TASK MATERIAL:
################

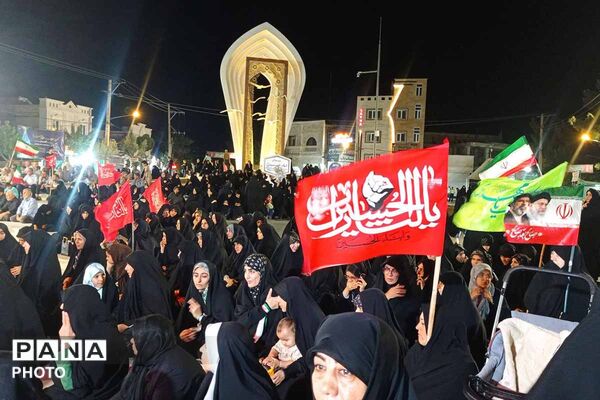 همزمان با شهادت امام حسن عسکری(ع)؛ مردم در چهلم رهبر شهید انقلاب به میدان آمدند
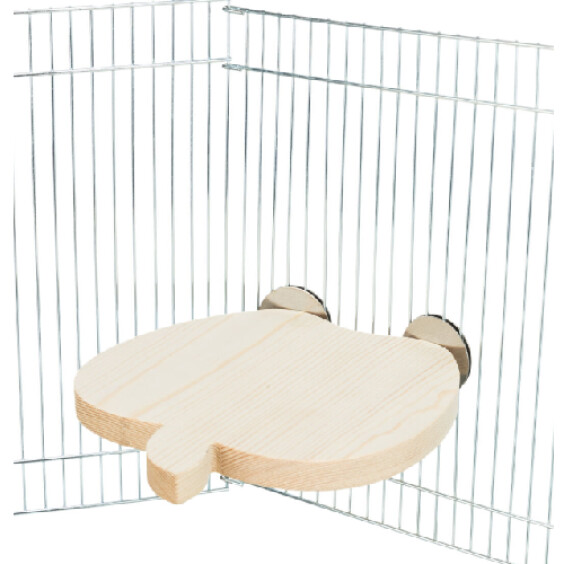 Abri plateforme Pomme pour rongeurs et lapin 21x17 cm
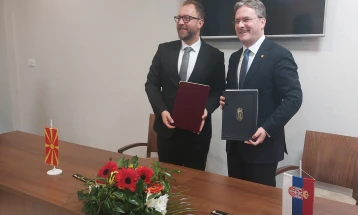 Програма за соработка во културата помеѓу Македонија и Србија за 2026 - 2030 потпишана во Крушево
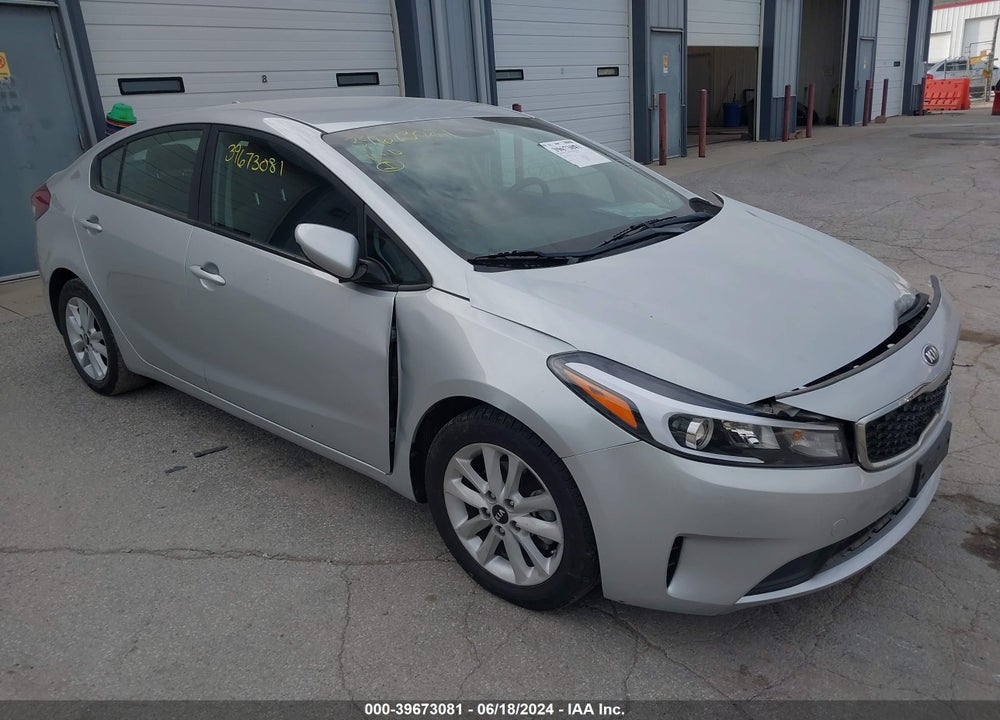 2017 KIA FORTE LX VIN: 3KPFL4A70HE147412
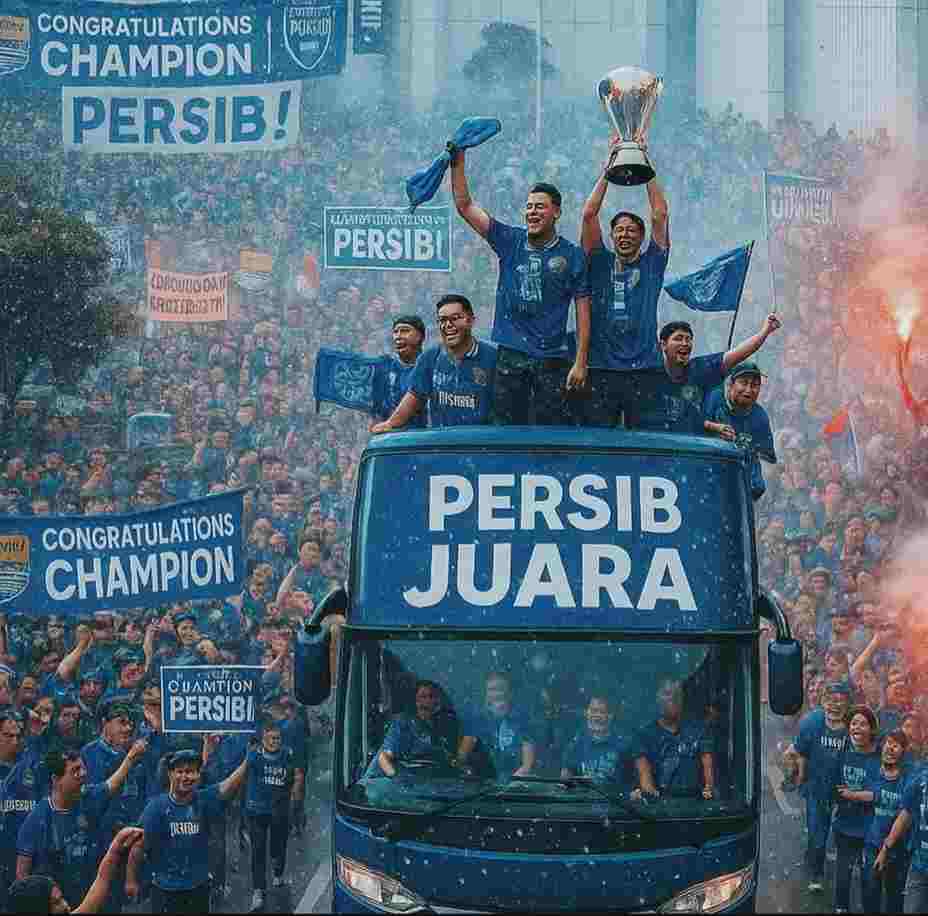 Euforia, Pesta Pora, Persib Juara!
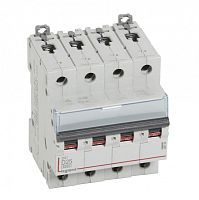 Выключатель автоматический четырехполюсный DX3 6000 25А D 10кА | код. 408149 |  Legrand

################

THE TASK:
Restate each entry word for word. Omit every picture.

RESPONSE AREA:
 همزمان با شهادت امام حسن عسکری(ع)؛ مردم در چهلم رهبر شهید انقلاب به میدان آمدند
 Abri plateforme Pomme pour rongeurs et lapin 21x17 cm
 Програма за соработка во културата помеѓу Македонија и Србија за 2026 - 2030 потпишана во Крушево
 2017 KIA FORTE LX VIN: 3KPFL4A70HE147412
 Euforia, Pesta Pora, Persib Juara!
 Выключатель автоматический четырехполюсный DX3 6000 25А D 10кА | код. 408149 |  Legrand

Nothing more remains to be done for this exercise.